EXERCISE REQUIREMENTS >>
Only the lines from the one containing "Jak zarabia Hołownia?" through the end of the data are wanted, reproduced exactly and without pictures.

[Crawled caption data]
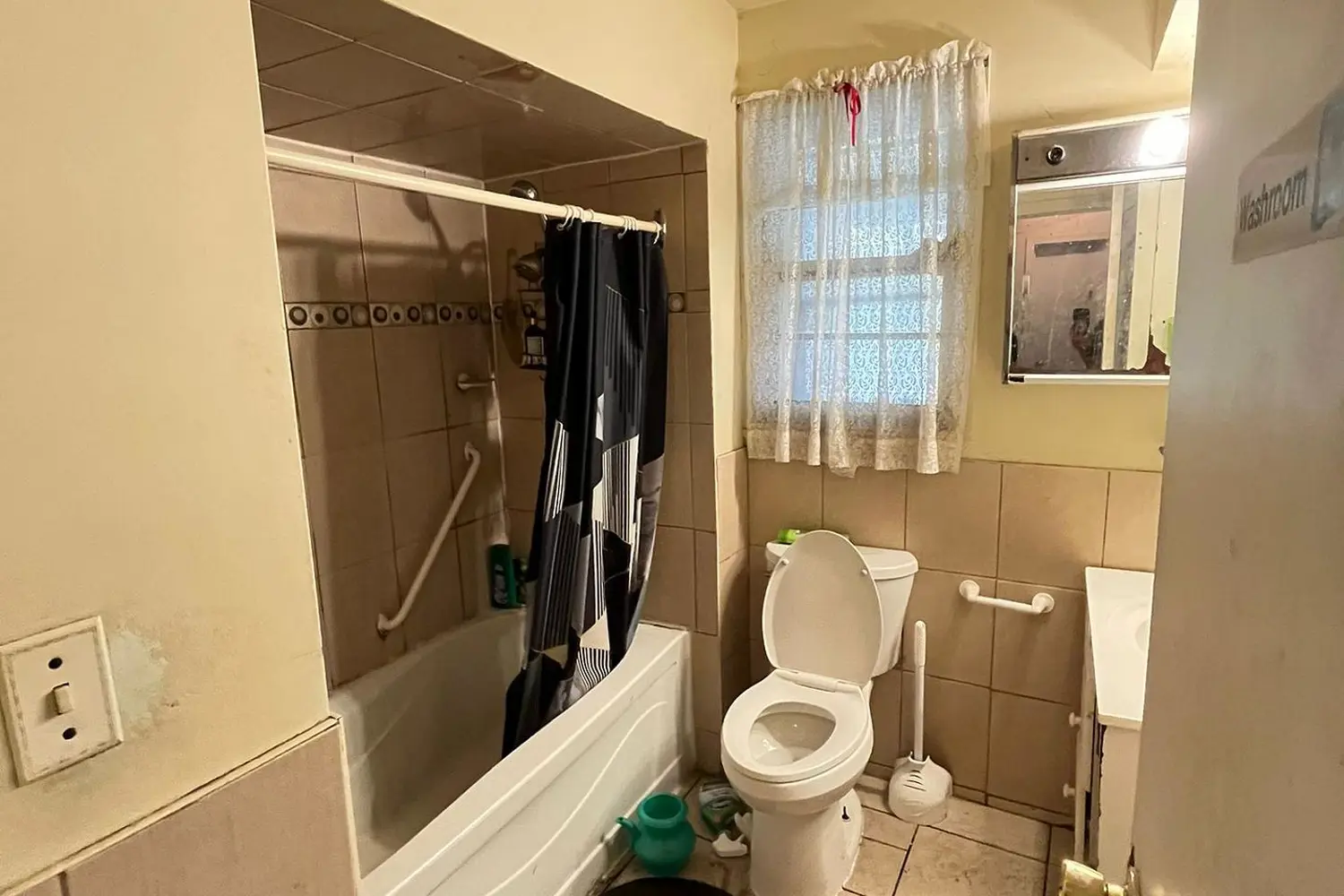 Additional image 10 of 14 Cardell Avenue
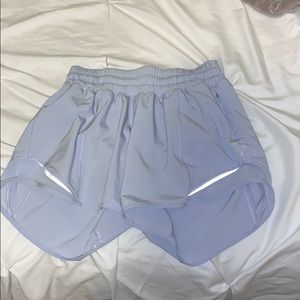 Lululemon hotty hot shorts size 2 4’’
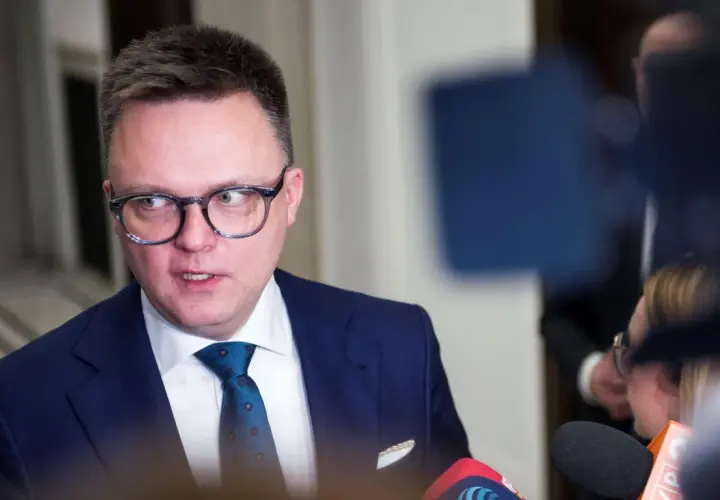 Jak zarabia Hołownia? Zaskakujące fakty o jego dochodach i źródłach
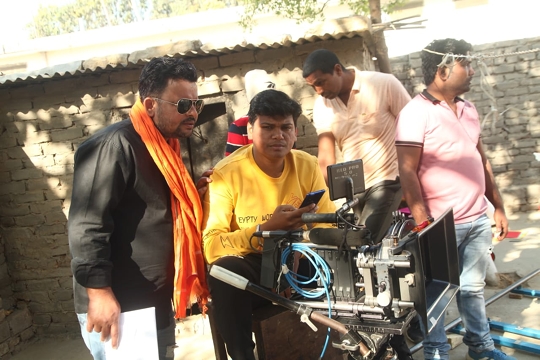 Pramod Premi  Is Shooting For His Bhojpuri Film Prem Rang In Varanasi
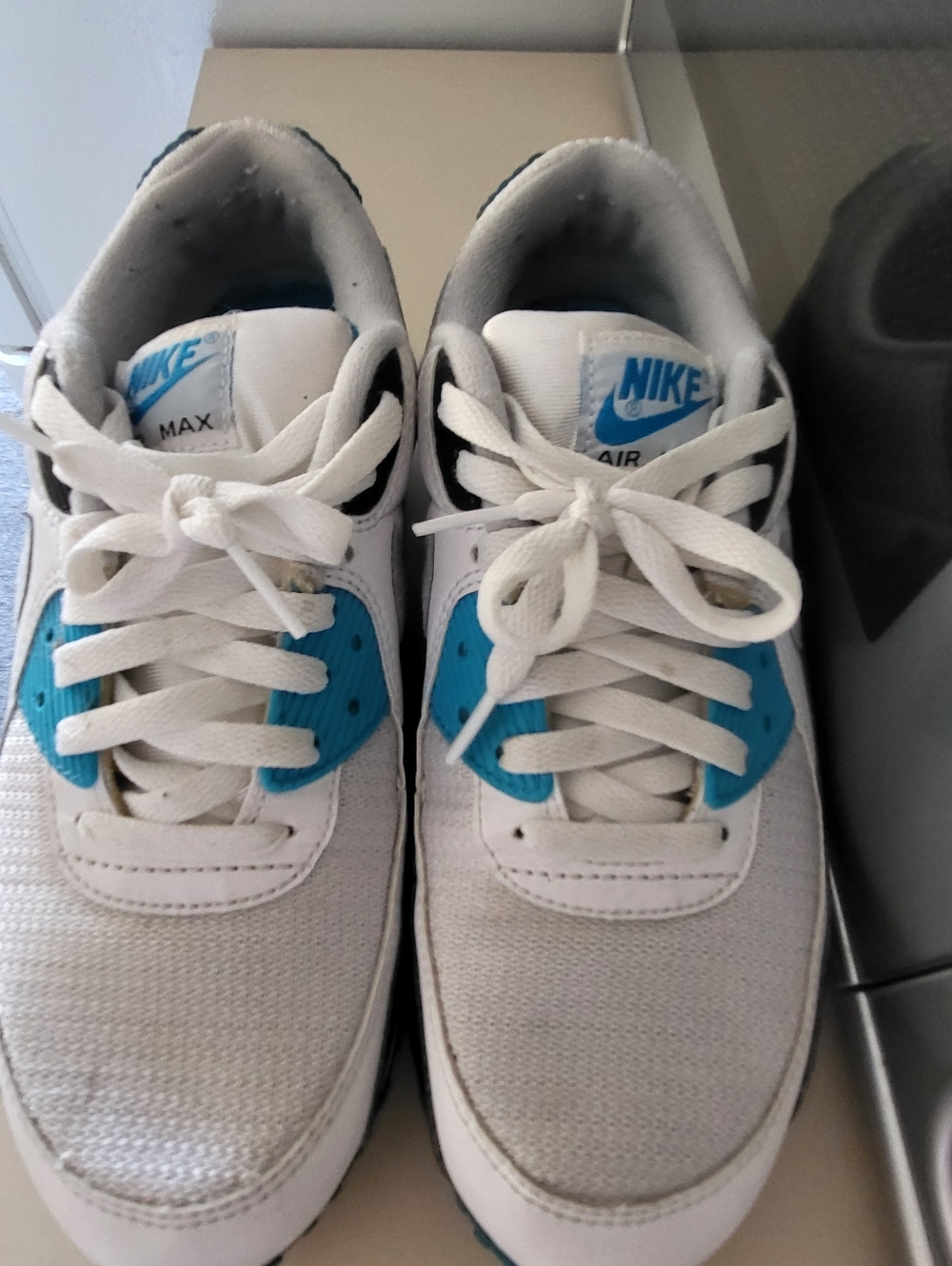 Men's Athletic Shoe Size 8.5 - Turquoise Accent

RESPONSE TO THE TASK >>
 Jak zarabia Hołownia? Zaskakujące fakty o jego dochodach i źródłach
 Pramod Premi  Is Shooting For His Bhojpuri Film Prem Rang In Varanasi
 Men's Athletic Shoe Size 8.5 - Turquoise Accent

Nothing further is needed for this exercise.